Two settlers arrested for rock attack on Palestinian vehicle
Security official says incident near Bat Ayin settlement partially related to migration of hilltop youth from Yitzhar area, due to increased military presence there
Jacob Magid is The Times of Israel's US bureau chief
Two Israelis were arrested for hurling rocks at a Palestinian vehicle in the southern West Bank, a police spokeswoman said on Sunday.
No passengers in the car were injured in the incident, but the vehicle was damaged, while traveling between the Bat Ayin settlement and the village of Jab’a, the spokeswoman said.
The arrests were carried out by Israel Defense Forces soldiers, after the Palestinian driver contacted forces in the area on Saturday evening to report the incident. Two suspects were arrested at the scene, but two others managed to flee, according to police.
Police took testimony from the Palestinian driver, as well as soldiers operating in the area. The two suspects that security forces managed to nab were brought in for questioning and were released on bail Sunday morning. The investigation is ongoing, law enforcement said.
A security official told The Times of Israel that there has been a notable increase in settler violence targeting Palestinians surrounding the Bat Ayin settlement in recent weeks.
These included a so-called Price Tag attack in Jab’a, in which the perpetrators vandalized vehicles and graffitied Hebrew phrases, including “Revenge for Bat Ayin,” in an incident days after security forces razed a structure in an illegal outpost near the flashpoint settlement.
Settler youth also hurled stones at a police vehicle dispatched to secure Bat Ayin last month. They managed to slash the tires of the jeep before fleeing the scene, Border Police said. No arrests were made.

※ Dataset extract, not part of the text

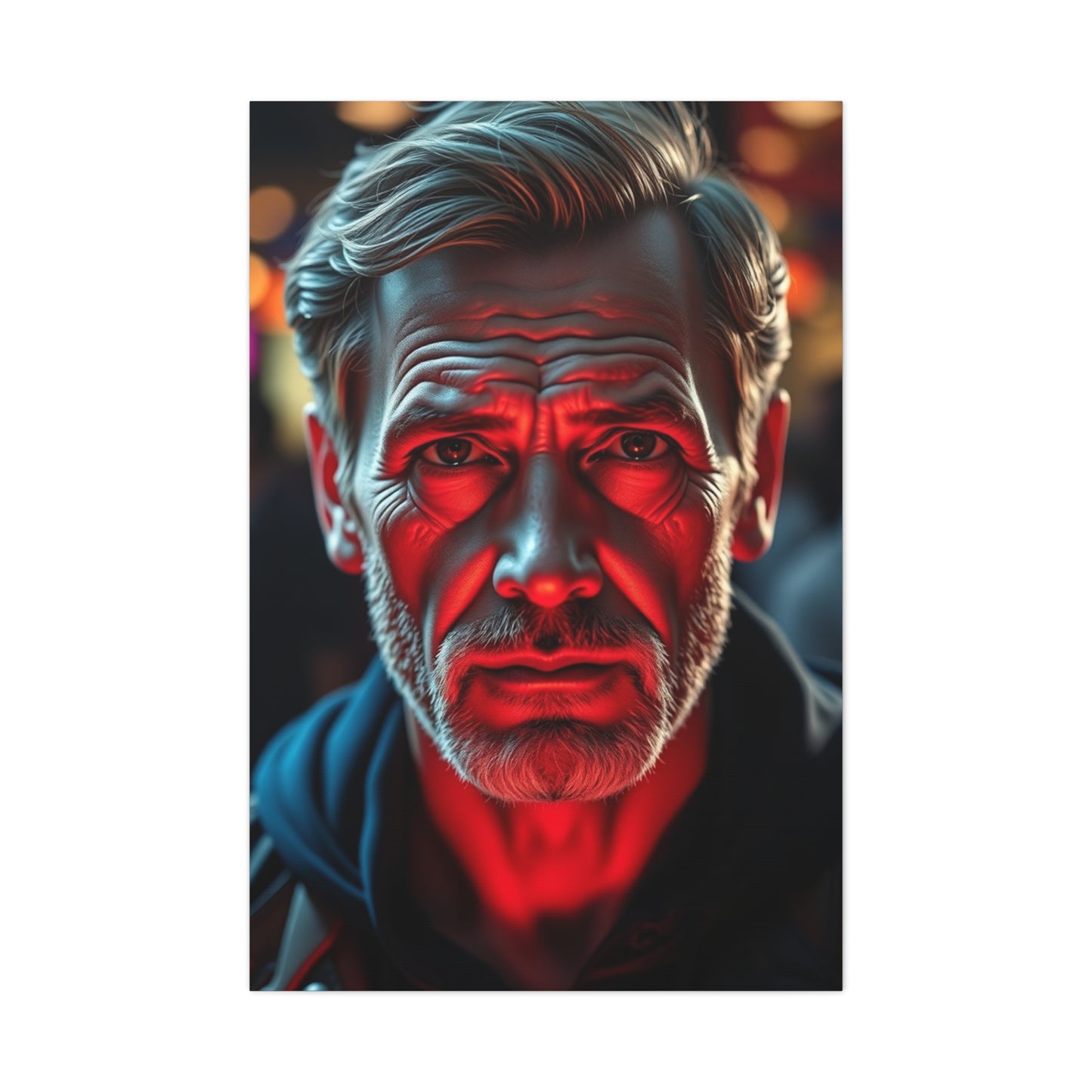 John Collier Art Supreme Gallery Wall Art & Canvas Print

Additionally, after a Palestinian bus driver was assaulted while carrying out stops in Bat Ayin last month, the Egged public transportation company announced that it would be ceasing its services inside the settlement. The decision was reversed several days later, when the Bat Ayin secretariat denounced the violence.
The security official said that many of the youth involved in the latest spate of violence had come from the outposts surrounding another flashpoint settlement — Yitzhar in the northern West Bank.
In October, the IDF declared the Kumi Ori outpost southwest of Yitzhar a closed military zone, following several incidents of violence in which residents targeted neighboring Palestinians, as well as security forces dispatched to protect them.
Due to the increased military presence in the northern West Bank, some of the hilltop youth, as they are known, traveled south to the Bat Ayin area, the security official explained.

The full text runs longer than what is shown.